A GROUP of independent dealers in the UK have asked the country's High Court to lift government restrictions on gray market imports from Japan.
Dealers say they have already lined up support from the European Commission.
The combination of a strong pound and weak yen has created a thriving market for right-hand-drive Japanese imports. Independents say they sell some models for nearly one-third less than official dealers.
Some hot models not available to authorized distributors because of import quotas are finding their way to buyers through the gray market.
The government recently cracked down on independents by limiting the number of units of a single model that can be imported.
Official distributors say that gray market cars hurt their businesses and often fail to meet European emissions and safety standards.
Colt Car Co., Mitsubishi Motors' UK distributor, last week ran advertisements in UK newspapers warning buyers about gray imports. Colt said the cars do not comply with EU standards and are not covered by manufacturer warranties.
The Society of Motor Manufacturers and Traders estimates that 70,000 new and used gray market cars were imported from Japan last year.
The UK has among the highest car prices in Europe. Price differences between gray and official imports can be huge. International Motors Ltd., authorized importer of Subaru and Isuzu, says the suggested retail price for an Impreza is £28,000 ($45,600), but that gray market dealers have sold Imprezas for £20,000.
To limit the flow, the UK Government on 1 May began enforcing existing rules that limit to 50 cars a year the maximum number of any single model imported under the UK's single vehicle type approval regulations. The single vehicle type approval, introduced by the Department of Transport in 1996, which allows cars to be imported one at a time.
The 70-member British Independent Motor Traders Association has asked the High Court to overturn the rule. A response from the UK's civil court is expected within a few weeks.
Meanwhile, the independent traders have sought backing from the European Commission. Richard Moore, a spokesman for the association, said the rule violates EU free trade mandates.
'We have been mounting support from the EC and have been told we have a case,' he said. 'The rule is totally unworkable. If I'm an independent I can't wait to find out if 49 people have already brought in the same model.'
Moore said distributors punish franchised dealers who sell or service gray cars. He said some dealers have been threatened with cancellation of their franchises or have been ordered to double service prices for gray imports.
Manufacturers and distributors deny charges of intimidation, though some say they have asked dealers not to work on gray market cars. A Colt Car Co. spokesman said parts for gray imports are usually more expensive because they often aren't available in Europe.
Carmakers use the single type approval rule to import vehicles for testing, but the SMMT says it is being exploited by the independents.
'It has been pried open by so that thousands of vehicles are allowed to come in without checks,' said SMMT spokesman Al Clark.
Clark said the gray cars from Japan may not meet Europe's standards.

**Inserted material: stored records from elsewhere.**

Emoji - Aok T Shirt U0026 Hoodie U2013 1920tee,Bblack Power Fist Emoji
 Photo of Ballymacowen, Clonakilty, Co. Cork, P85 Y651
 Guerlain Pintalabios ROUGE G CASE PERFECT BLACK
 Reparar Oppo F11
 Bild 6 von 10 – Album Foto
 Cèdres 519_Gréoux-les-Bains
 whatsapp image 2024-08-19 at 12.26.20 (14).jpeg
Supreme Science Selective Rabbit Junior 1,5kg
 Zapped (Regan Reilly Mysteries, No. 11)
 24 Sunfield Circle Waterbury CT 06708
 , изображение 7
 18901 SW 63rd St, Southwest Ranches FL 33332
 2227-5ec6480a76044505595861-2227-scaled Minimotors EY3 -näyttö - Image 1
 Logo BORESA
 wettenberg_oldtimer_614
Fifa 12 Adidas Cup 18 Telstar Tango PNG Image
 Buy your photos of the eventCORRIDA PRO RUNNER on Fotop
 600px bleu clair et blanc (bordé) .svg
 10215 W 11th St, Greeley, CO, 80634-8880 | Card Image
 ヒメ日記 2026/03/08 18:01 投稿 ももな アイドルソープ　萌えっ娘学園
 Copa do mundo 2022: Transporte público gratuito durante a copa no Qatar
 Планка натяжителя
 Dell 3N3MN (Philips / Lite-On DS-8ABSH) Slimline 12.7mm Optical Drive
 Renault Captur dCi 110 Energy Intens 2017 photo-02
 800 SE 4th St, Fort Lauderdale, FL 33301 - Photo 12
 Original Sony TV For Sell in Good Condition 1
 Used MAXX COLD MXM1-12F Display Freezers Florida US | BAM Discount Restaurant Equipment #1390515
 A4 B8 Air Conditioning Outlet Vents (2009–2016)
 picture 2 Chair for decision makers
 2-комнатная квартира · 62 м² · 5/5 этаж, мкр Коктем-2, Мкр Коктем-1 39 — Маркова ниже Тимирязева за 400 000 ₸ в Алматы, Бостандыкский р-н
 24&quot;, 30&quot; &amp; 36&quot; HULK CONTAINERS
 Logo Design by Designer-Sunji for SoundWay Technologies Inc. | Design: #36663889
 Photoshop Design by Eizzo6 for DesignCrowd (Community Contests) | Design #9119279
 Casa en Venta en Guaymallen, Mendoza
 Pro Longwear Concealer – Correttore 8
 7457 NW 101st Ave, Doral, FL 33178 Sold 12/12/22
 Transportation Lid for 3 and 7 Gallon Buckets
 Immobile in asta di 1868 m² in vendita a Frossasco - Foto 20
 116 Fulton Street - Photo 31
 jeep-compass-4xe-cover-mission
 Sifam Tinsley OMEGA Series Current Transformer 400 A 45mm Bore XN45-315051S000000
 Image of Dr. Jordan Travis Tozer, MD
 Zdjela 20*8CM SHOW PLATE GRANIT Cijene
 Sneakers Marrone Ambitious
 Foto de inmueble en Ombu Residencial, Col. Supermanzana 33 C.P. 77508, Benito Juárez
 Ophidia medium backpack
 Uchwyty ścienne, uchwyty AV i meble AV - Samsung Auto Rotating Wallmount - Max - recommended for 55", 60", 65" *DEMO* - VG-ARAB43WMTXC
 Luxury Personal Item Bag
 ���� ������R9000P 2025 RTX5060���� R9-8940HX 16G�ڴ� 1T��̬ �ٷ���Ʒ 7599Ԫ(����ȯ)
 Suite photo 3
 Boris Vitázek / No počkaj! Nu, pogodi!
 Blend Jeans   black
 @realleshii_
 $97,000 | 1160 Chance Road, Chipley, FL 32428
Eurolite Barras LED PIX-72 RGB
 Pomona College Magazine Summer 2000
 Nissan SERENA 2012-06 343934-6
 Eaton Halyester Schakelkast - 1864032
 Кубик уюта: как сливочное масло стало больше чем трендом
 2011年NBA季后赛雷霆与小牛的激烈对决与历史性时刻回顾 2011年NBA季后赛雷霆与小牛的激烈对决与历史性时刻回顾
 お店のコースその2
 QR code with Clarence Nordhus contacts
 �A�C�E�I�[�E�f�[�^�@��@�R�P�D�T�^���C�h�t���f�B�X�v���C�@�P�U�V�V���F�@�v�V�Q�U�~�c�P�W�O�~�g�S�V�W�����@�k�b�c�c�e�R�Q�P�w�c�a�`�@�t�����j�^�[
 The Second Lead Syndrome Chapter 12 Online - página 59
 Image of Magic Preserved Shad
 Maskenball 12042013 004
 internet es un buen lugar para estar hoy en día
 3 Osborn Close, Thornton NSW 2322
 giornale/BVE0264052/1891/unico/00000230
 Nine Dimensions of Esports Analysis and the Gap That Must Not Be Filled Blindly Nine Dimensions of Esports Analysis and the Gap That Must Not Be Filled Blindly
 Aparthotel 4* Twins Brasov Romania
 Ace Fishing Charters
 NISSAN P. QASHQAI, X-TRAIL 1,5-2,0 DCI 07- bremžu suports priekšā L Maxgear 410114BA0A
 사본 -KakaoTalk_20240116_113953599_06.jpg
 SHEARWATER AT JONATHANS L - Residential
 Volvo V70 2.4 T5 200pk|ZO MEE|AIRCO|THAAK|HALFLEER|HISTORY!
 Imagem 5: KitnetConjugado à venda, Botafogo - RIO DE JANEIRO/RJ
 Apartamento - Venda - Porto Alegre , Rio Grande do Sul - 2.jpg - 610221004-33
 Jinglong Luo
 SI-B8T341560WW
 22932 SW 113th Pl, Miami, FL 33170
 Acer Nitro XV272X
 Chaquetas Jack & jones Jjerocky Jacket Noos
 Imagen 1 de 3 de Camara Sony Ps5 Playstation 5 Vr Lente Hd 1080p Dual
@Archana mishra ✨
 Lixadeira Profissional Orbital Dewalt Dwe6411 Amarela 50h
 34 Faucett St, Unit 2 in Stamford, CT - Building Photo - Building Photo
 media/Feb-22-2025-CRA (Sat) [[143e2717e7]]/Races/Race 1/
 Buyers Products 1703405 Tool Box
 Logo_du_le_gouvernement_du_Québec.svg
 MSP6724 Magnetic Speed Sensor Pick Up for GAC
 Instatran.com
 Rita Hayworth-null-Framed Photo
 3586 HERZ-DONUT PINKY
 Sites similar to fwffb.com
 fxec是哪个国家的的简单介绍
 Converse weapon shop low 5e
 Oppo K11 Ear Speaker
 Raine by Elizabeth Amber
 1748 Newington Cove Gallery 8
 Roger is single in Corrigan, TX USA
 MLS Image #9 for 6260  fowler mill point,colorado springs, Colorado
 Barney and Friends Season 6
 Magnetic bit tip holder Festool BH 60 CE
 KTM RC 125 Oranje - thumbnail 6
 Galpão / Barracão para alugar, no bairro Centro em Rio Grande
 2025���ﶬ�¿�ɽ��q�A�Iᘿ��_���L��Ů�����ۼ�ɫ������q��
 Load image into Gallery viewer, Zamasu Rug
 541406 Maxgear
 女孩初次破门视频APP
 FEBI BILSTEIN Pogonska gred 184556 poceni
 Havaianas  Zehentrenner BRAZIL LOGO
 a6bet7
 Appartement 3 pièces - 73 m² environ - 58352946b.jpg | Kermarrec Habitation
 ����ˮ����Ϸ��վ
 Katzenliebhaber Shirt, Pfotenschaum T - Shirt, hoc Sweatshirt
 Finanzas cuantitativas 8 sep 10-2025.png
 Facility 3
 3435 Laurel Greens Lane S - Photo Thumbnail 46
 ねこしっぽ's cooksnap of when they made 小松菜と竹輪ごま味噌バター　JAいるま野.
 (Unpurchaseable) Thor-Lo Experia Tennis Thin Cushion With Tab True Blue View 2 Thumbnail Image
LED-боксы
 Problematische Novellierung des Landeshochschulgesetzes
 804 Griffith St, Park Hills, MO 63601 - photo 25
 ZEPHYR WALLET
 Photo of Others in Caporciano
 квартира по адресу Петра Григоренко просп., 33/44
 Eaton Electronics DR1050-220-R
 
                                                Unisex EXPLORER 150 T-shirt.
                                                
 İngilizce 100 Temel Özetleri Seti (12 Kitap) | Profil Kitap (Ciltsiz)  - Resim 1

'In Japan, cars only go on short motorway runs,' he said. 'Brakes don't need to be the same standard as in Europe and they could fail on a European highway.'
A Toyota spokeswoman agreed. 'Cars made for the Japanese market are as safe,' she said, 'but the suspensions and brakes are different.' Toyota's image in Europe could be tainted, she said.
International Motors executive Arthur Fairley said gray marketers are cutting into sales and profits.
'Because of tight quotas, we have a waiting list until next April for the Impreza turbo,' he said. 'But gray importers are going around the quota to bring in Imprezas and it is undermining our business.'
Under the EU-Japan quota, Subaru can import only 8,000 cars in the UK this year. To avoid the quota, International Motors has imported 2.0 liter Legacys from Subaru's factory in Indiana, USA. Some right-drive vehicles are built there for the U.S. Postal Service.
But Fairley said International Motors cannot import some Japanese models that gray marketers can. One is the Vehi-Cross, a futuristic sport-utility sold only in Japan.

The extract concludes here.